Raúl Hestnes Ferreira: humano, moderno, curioso
"É uma figura de referência na arquitetura portuguesa, o arquiteto Hestnes Ferreira tem um trabalho notável". Helena Roseta, arquiteta e presidente da Assembleia Municipal de Lisboa, destaca a obra e o homem. Raúl Hestnes Ferreira morreu em Lisboa, no domingo, aos 86 anos. É autor de uma extensa obra cujo ponto final foi a Biblioteca de Marvila, inaugurada em 2016 - mas pensada durante décadas - e um dos pontos altos foi o ISCTE, prémio Valmor em 2002.
Filho do escritor José Gomes Ferreira (em 1974 projetou a escola de Benfica que, mais tarde, receberia o nome do pai), estudou na Escola Superior de Belas Artes de Lisboa e de Porto. Saiu de Portugal para estudar na Finlândia, lembra Ana Tostões, arquiteta e investigadora. "O Raúl Hestnes" foi dos primeiros arquitetos portugueses a viajar muito. Ele esteve nos países nórdicos (a mãe era norueguesa) e trabalhou com arquitetos finlandeses e é "o primeiro português a ir trabalhar e estudar para os Estados Unidos". Estuda na Universidade de Yale (1962) e na Universidade de Pensilvânia, onde conclui o master em Arquitetura (1963). Em Filadélfia conhece Louis Khan (1901-1974) arquiteto nascido na Estónia, naturalizado americano. "Há logo uma relação fortíssima entre os dois, entre aluno e professor, e ele vai continuar a trabalhar com Louis Khan. Esse legado de Louis Khan é na minha opinião uma revisitação do moderno. A arquitetura moderna encarada como símbolo e como monumento vai ser desenvolvida em Portugal pelo Raúl Hestnes Ferreira de uma maneira muito única", acentua.
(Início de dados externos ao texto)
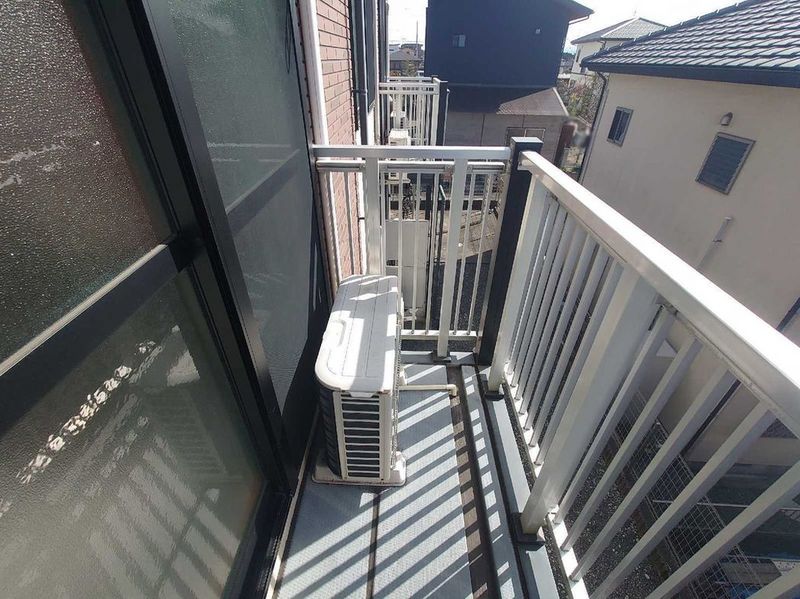 レオネクストセンタービレッジⅠ バルコニー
O bairro Fonsecas e Calçada, em Lisboa, é um dos marcos da sua obra. "Foi uma cooperativa, que agora está recuperado e é um bairro de extraordinária qualidade, feito em colaboração com os moradores. É uma obra notável", diz Helena Roseta, sublinhando o caráter humano do arquiteto. João Afonso também o acentua. Alude à Casa de Albarraque, que Hestnes Ferreira fez para o pai entre 1959 e 1961, no início de carreira. "É a sensação de que estamos lá porque fazemos parte daquilo, é um espaço para nós", disse ao DN.Olhando para as obras, Ana Tostões destaca também a Casa da Cultura de Beja. João Afonso, chama a atenção para o ISCTE, na Cidade Universitária, em Lisboa. "Desde o edifício sede, passando para a [Ala]Autónoma e depois o edifício 3 é quase como um corpo em crescimento que vai mudando com os tempos", diz. "Muitas vezes os projetos dele demoram uma série de anos a ser desenvolvidos e apesar de haver uma continuidade no projeto ele vai-se adaptando à mudança dos tempos", sublinha.
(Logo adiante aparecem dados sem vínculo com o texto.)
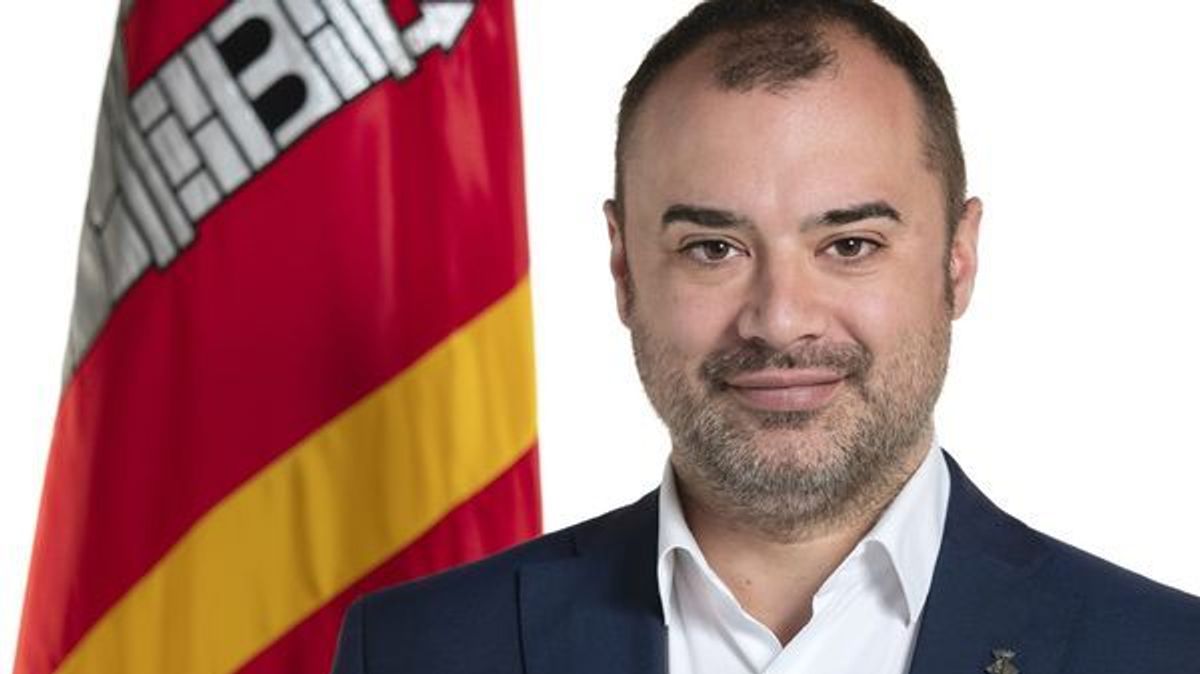 El alcalde de Terrassa, Jordi Ballart, en una imagen de archivo El alcalde de Terrassa, Jordi Ballart, en una imagen de archivo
Isso mesmo aconteceu na Biblioteca municipal de Marvila, a sua última grande obra em Lisboa. "Ele tenta perceber um mundo que conheceu nos anos 60 quando fez um dos planos de desenvolvimento da cidade de Lisboa, da Quinta dos Alfinetes, e 40 anos depois volta lá e cria um polo cultural, que é um espaço de desenvolvimento comunitário, local", diz João Afonso.
O velório de Hestnes Ferreira decorre amanhã na Igreja da Graça. A cremação será às 12.00 de quinta-feira no Alto de São João, em Lisboa.